> _DATA SECTION_
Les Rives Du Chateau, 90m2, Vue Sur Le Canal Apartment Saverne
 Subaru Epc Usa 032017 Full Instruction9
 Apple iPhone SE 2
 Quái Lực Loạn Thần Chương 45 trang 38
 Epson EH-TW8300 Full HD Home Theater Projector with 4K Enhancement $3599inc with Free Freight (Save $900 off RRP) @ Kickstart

> _EXERCISE_
Every line of the records that includes the word "Full" should be gathered.

> _SOLUTION TO THIS EXERCISE_
 Subaru Epc Usa 032017 Full Instruction9
 Epson EH-TW8300 Full HD Home Theater Projector with 4K Enhancement $3599inc with Free Freight (Save $900 off RRP) @ Kickstart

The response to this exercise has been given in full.